We have a scratch off map at home with all the countries we’ve been to, and I’m having a serious moral dilemma. Can I scratch off North Korea now that we’ve been to the DMZ?!
When we were in Korea a few weeks ago, we booked a tour to go to the DMZ – the area between North and South Korea that serves as a buffer zone. The tour included stops at the Doransan Station, 3rd Infiltration Tunnel, the Dora Observatory, Imjingak Park. The tour itself was $40 – so quite a good bang for your buck, in my opinion. Now let’s break it all down.
The Dora Observatory is an observatory (duh) that you can see North Korea from. Well, usually. The day we went was extremely hazy so this was the best that we could do.
According to our tour guide, on a clear day, you can actually see a North Korean town (although she claims it’s a facade and not an actual town). From the viewing deck, you can also hear North Korean propaganda music!
Downstairs, they had videos playing about North Korea, as well as artwork made by South Koreans. All of the art centered around how it felt to lose family in the separation. The picture above was one of my favorite pieces. (For anyone looking for a latte – this is the one of two stops on the tour where you can get one. You’re welcome, in advance).
I will preface this by saying this is the second stop on the tour where you can get your coffee fix. Aside from that, this park is located in Paju, South Korea and is known for the Freedom Bridge there.
While Imjinak Park is an important landmark, as an outsider it was just an okay stop along the way. I think my favorite part would probably have to be seeing all those prayer ribbons, because it made the war and the separations that followed feel real to me. It made me understand that there are people, to this day, that are hurting because of it.
The next stop was a train station. Random, right? It’s actually the last train station in South Korea, and if trains were allowed, it would continue on to North Korea. Not so random after all, my friends!
At the station, we learned that South Korea refers to itself as an island. If you look at the map above, if it weren’t for the inability to go through North Korea, you could hypothetically travel Europe via train from Seoul!
At the station you can purchase a “ticket” to get inside the station. I guess it was cool to see where we would hypothetically catch a train to North Korea.
3rd Infiltration Tunnel
After the Armistace Agreement, South Korea found a series of tunnels that the North Koreans dug into South Korea. Most of them routed themselves to Seoul, making the South Korean believe that they were planning a massive attack on their largest city.
Interestingly enough, North Korea claimed they were mining for coal, and after getting caught, painted the interiors of the tunnel black to look like coal.
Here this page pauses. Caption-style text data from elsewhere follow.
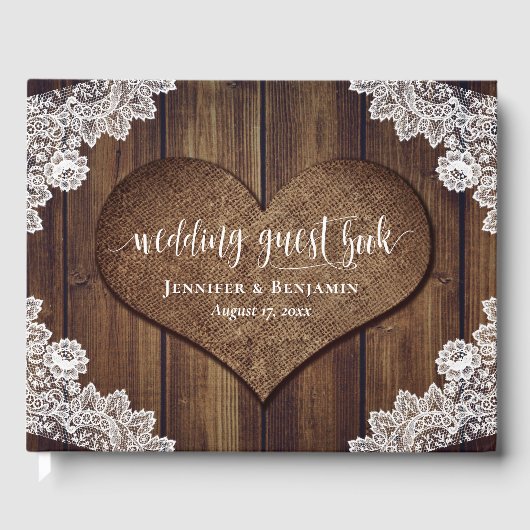 Boek voor gasten bij rustige houten trouwfeest met (Voorkant)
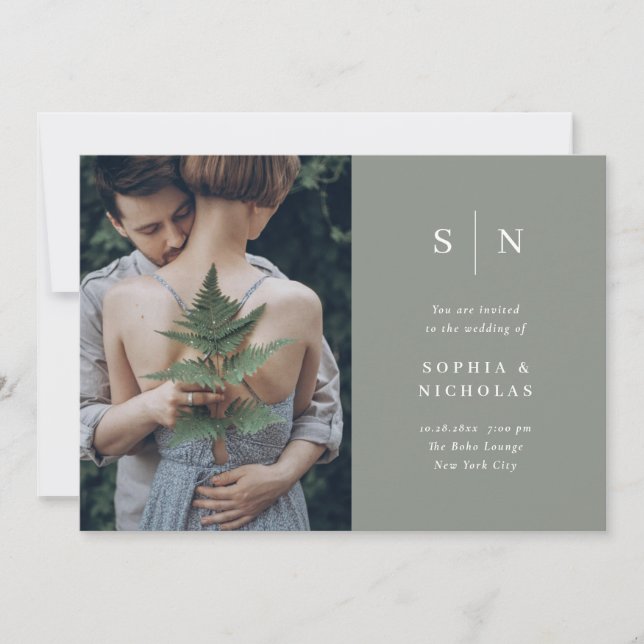 Minimal and Chic | Sage Green Photo Wedding Invitation (Front)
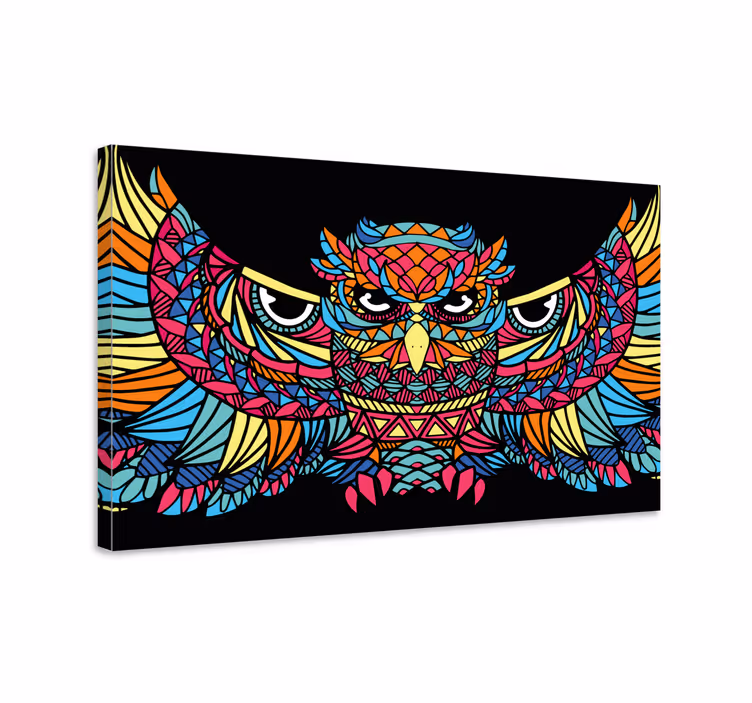 Leinwandbild Vogel Geometrische tiere tapfere eule - TenStickers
We decided not to go down into the tunnel as it was incredibly crowded but did watch the video that South Korea made to discuss the tunnels. Holy propaganda guys! If you get the chance, go to the tunnels and watch the video. Bring some popcorn. It’s pretty damn amusing.
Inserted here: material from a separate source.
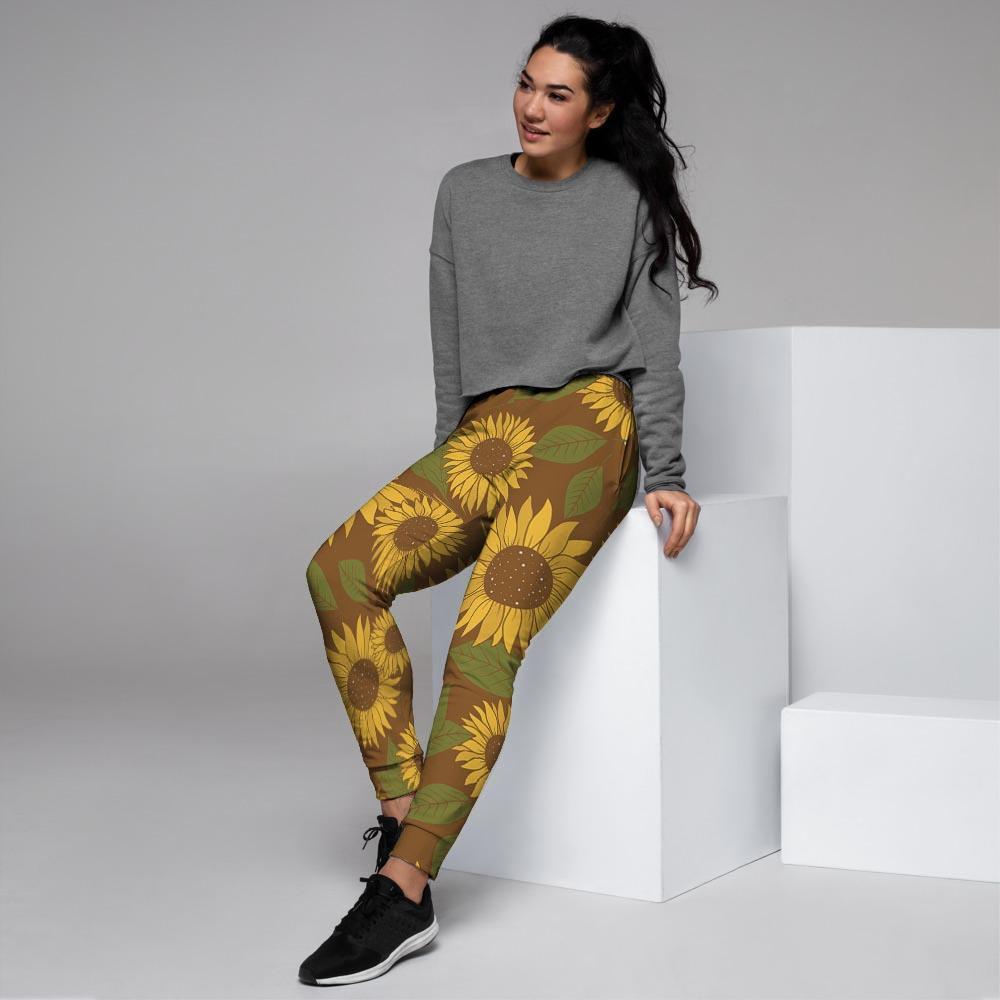 Brown Sunflower Print Women's Joggers-grizzshop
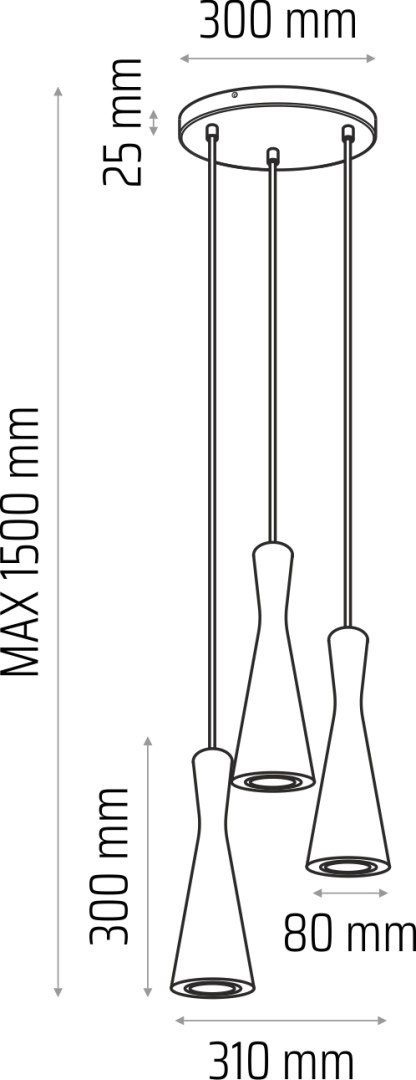 Lampa wisząca czarna Vegas 3 pł (plafon) Hellux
Also – pro tip, buy the hoodies at the gift shop there. They are the comfiest hoodies I’ve ever owned.
No travel post would be complete without a food pic, so here ya go! For lunch that day, we had a choice between bulgogi or bimbimbap. We both went for the bulgogi and it was surprisingly delicious. Lunch was served in what looked like an old government building and was buffet style. I would just like to point out that they had cherry tomatoes in the dessert section. I did not snap a pic because I was too infuriated by the fact that someone could call tomatoes a dessert.
At one of the many gift shops, we picked up a bottle of North Korean liquor. It was fine. It tasted like plum wine and communism.
That’s all folks! I personally enjoyed the tour, although I don’t know how much of that is just because I can now (kind of) say I’ve been to North Korea. If anyone is looking to book it, book it far in advance as they do tend to sell out! We went through a tour group called Kooridoor, although there are numerous other tours that go out that way.